By Mrs. W.S. Dickson
“The fact that such a simple little thing is going to Columbia university should have made the stir it did in newspaper circles bewildered me,” was Mrs. Annie P. Crawford’s answer to a Daily News reporter when asked if she didn’t feel like the President of the United States at having become overnight such a nationally known personage.
Mrs. Crawford was a student at Columbia university this summer at the age of 71. Some of the Columbia authorities, on observing the date of her birth on the registration card, sent a member of their publicity department to interview her. She was told that the university was interested in the fact that had started to school again at her age and wanted to know the whys and wherefores of her coming. So Mrs. Crawford chatted blithely away to the woman, and had the best sort of a time. It was not until the question of her children’s names and their occupations was introduced that Mrs. Crawford had any suspicion whatever that she was being interviewed.
“Just what do you intend doing with this information?” Mrs. Crawford asked her visitor, and even then she was reassured that the college folks simply wanted the information. So, on the next Sunday morning, practically every paper in New York city carried the story of her being at Columbia with headlines in bold black type reading “71-Year Old Columbia Co-Ed Too Modest to Compare Flapper With Girl of 65” or “Lost her Job When Her Children Grew Up; Seeks New Interests,” and so on and so forth through the entire list of the New York papers, she was perhaps the most surprised person in the whole United States.

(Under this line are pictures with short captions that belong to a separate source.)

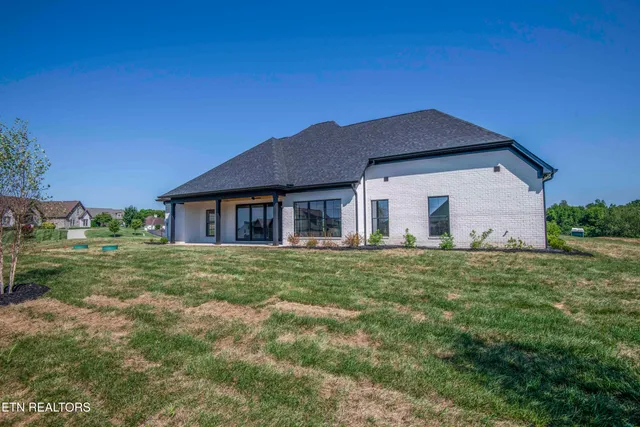 $874,900 | 256 Watercrest Drive, Vonore, TN 37885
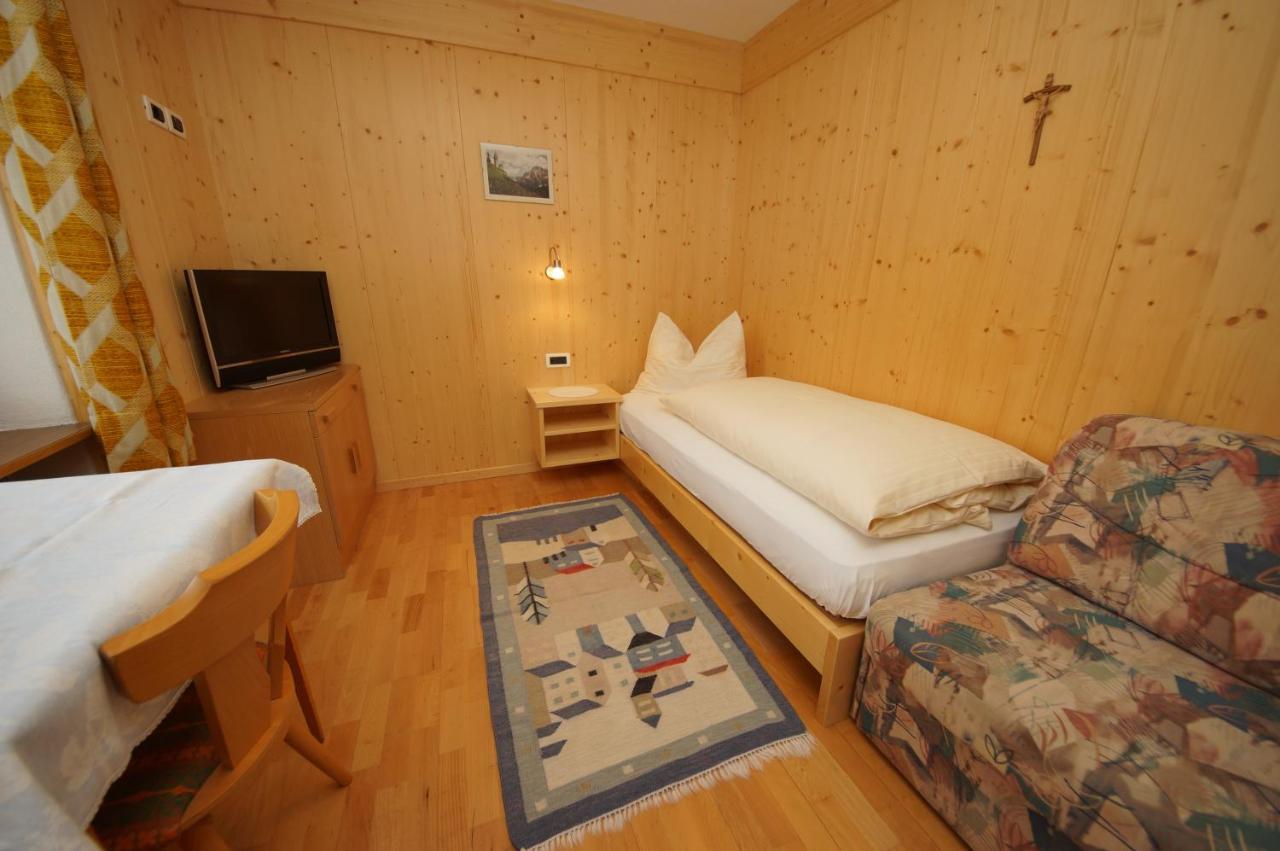 Runcac Hotel 2*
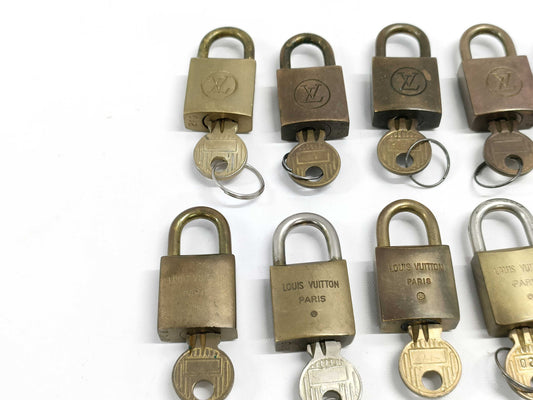 LOUIS VUITTON Cadena Key Set of 10 Other Accessories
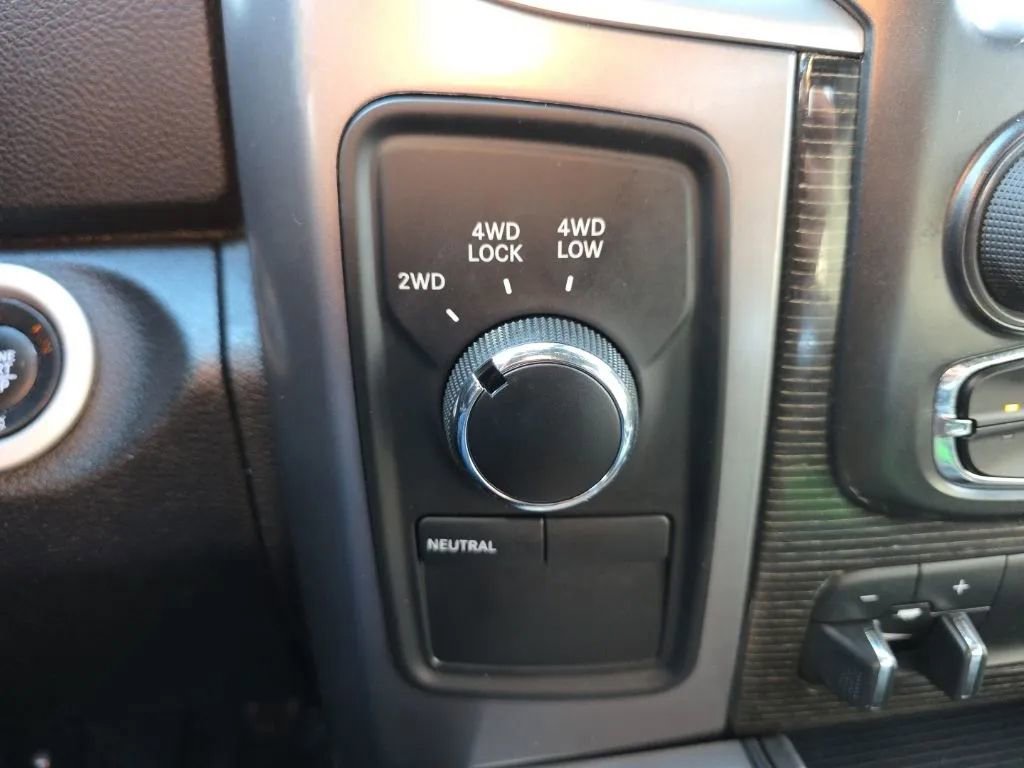 Used 2018 RAM 2500 Limited AWD/4WD image 30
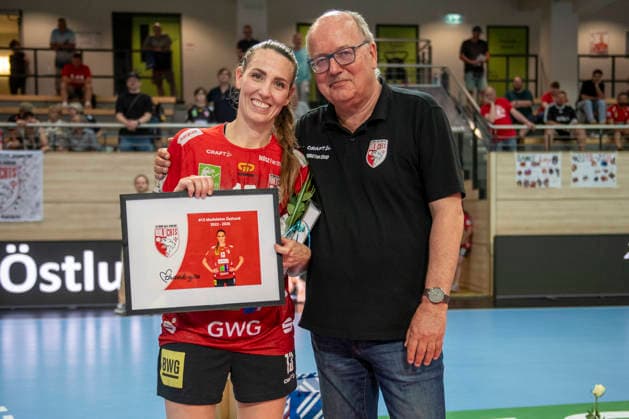 Handball Bundesliga Women,HBF, Season 2025 2026 Relegation SV Union Halle Neustadt vs Spreefüchse Berlin Halle, Germany 03 June 2026 In the picture from left Madeleine Östlund Oestlund Halle and club president Bodo Meerheim Halle Saale SWH Arena Sachsen Anhalt Germany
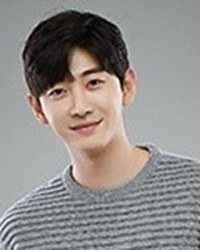 洪准基 Jun-ki Hong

Mrs. Crawford is the wife of the late Rev. L.W. Crawford, who was for many years a beloved member of the western North Carolina conference, and is closely identified with the church and educational life of the state. She is a graduate of Greensboro college, later going to Vassar for two years. She taught for two years before her marriage, and after that her hands were filled with the task of raising to splendid manhood and womanhood her five sons and a daughter, the latter, Mrs. E.S. Wills of this city, with whom she makes her home.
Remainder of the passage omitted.